- EXERCISE DIRECTIONS -
Locate, in the data below, the line that contains "Delicate Pink Acrylic Beaded 44in Necklace" and the line that contains "simsearch:400-04801703,k - Serious"; reproduce exactly those two lines and every line between them, nothing more.

- DATASET RECORDS -
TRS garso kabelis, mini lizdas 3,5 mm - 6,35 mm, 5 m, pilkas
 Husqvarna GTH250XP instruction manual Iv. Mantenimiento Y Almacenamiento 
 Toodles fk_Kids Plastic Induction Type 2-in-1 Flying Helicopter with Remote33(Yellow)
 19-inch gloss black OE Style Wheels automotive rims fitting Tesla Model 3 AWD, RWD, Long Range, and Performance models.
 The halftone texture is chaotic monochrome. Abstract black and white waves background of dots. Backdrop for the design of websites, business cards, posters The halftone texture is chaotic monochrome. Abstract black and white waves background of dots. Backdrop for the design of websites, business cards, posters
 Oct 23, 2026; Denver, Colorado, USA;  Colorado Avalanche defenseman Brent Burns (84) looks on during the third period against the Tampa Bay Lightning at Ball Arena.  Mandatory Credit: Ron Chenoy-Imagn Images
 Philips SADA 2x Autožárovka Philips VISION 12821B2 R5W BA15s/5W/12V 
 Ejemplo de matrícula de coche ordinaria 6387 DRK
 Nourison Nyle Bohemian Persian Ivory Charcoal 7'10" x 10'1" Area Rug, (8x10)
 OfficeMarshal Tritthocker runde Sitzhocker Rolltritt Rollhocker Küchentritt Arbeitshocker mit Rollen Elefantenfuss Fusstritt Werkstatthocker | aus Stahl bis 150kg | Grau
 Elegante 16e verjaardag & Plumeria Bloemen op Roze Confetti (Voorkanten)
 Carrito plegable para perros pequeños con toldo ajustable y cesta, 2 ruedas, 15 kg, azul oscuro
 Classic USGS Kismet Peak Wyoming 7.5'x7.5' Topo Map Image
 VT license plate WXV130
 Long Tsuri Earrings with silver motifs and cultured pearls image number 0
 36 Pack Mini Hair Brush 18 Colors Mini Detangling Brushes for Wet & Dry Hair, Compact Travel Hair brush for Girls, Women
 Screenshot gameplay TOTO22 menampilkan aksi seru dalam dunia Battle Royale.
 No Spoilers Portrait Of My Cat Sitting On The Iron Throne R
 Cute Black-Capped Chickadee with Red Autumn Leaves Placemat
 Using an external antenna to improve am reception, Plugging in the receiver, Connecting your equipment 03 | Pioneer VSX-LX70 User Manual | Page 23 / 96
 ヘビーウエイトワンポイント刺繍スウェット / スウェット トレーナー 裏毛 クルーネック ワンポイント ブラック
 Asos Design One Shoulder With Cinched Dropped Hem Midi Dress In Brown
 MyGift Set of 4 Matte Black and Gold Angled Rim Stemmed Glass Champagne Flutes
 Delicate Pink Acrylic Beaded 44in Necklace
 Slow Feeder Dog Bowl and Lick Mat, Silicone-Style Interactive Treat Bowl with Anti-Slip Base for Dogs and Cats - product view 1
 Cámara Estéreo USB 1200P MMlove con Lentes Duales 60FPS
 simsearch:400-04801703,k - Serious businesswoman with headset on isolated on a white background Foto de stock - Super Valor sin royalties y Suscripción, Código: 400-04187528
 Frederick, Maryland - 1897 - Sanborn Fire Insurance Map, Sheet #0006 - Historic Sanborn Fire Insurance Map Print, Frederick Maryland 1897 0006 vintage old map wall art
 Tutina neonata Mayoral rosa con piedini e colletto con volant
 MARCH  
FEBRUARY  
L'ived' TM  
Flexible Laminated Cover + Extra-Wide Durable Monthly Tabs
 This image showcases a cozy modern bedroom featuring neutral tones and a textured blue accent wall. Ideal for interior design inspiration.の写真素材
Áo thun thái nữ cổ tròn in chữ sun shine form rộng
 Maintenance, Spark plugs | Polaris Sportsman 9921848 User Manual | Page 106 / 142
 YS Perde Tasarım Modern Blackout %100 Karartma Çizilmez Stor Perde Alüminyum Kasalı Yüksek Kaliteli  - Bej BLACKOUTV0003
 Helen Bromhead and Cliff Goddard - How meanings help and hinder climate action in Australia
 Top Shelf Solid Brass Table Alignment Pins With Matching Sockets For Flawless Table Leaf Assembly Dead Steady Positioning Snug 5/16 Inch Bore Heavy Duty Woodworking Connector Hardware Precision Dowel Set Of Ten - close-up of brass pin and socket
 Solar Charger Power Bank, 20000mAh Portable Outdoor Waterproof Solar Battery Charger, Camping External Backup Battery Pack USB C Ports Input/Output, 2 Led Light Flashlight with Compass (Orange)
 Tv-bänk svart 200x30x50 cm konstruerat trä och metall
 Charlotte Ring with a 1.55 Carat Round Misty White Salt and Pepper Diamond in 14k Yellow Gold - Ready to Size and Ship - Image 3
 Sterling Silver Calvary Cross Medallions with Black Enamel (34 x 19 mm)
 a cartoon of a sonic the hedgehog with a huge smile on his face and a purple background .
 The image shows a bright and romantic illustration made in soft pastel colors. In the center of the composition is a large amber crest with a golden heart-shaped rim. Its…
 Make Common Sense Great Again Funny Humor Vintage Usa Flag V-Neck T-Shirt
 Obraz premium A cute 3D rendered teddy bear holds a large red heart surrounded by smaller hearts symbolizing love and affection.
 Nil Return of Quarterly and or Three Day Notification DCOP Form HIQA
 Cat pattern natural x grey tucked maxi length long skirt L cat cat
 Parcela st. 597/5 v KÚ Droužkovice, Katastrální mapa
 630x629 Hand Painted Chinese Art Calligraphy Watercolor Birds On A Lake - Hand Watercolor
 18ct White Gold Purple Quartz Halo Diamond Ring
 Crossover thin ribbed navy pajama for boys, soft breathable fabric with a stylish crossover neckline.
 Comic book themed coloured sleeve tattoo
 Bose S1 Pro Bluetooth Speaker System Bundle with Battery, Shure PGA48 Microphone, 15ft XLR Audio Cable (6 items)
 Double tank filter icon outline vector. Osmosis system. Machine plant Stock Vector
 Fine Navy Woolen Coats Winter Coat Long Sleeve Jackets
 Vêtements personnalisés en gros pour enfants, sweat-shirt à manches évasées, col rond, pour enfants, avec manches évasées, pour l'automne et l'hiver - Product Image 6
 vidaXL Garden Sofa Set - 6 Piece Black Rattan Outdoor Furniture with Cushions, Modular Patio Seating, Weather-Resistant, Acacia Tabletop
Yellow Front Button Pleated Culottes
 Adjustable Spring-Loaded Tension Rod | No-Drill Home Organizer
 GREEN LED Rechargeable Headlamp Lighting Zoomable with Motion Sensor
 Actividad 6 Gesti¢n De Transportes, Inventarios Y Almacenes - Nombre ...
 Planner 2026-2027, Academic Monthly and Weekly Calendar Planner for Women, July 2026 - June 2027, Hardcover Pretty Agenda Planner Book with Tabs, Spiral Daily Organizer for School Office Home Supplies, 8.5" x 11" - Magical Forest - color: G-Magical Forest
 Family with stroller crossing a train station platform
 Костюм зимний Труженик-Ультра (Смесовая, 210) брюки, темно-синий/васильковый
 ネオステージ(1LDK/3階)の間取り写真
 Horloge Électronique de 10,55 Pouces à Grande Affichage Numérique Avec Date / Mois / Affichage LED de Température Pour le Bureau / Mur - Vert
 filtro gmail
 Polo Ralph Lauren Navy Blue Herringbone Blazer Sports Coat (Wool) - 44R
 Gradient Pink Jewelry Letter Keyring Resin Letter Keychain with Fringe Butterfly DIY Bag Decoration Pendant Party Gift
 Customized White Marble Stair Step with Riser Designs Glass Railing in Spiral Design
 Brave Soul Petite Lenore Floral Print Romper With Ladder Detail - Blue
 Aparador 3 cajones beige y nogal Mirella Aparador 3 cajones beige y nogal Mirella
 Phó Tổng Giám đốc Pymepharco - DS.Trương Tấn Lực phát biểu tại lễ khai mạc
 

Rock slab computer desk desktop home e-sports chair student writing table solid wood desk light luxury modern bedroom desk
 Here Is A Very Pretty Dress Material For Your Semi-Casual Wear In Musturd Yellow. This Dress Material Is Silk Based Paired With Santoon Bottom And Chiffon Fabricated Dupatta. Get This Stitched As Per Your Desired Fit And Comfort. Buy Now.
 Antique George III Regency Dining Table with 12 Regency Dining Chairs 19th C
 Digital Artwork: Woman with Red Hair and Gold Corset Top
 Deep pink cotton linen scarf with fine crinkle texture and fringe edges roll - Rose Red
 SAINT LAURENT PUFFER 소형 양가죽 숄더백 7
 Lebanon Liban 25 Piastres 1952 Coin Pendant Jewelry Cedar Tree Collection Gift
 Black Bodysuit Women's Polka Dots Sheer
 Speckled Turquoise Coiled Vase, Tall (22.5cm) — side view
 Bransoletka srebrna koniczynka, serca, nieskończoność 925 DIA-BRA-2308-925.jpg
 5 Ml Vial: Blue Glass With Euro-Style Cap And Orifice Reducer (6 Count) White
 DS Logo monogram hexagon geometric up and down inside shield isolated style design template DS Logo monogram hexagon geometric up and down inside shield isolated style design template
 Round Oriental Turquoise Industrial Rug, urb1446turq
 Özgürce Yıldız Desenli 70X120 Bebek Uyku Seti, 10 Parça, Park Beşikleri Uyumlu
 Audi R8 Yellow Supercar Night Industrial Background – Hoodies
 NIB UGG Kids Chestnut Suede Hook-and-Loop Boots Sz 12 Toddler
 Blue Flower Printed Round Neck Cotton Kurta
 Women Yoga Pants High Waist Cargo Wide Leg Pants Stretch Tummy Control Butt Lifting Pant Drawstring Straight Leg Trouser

- TASK SOLUTION -
 Delicate Pink Acrylic Beaded 44in Necklace
 Slow Feeder Dog Bowl and Lick Mat, Silicone-Style Interactive Treat Bowl with Anti-Slip Base for Dogs and Cats - product view 1
 Cámara Estéreo USB 1200P MMlove con Lentes Duales 60FPS
 simsearch:400-04801703,k - Serious businesswoman with headset on isolated on a white background Foto de stock - Super Valor sin royalties y Suscripción, Código: 400-04187528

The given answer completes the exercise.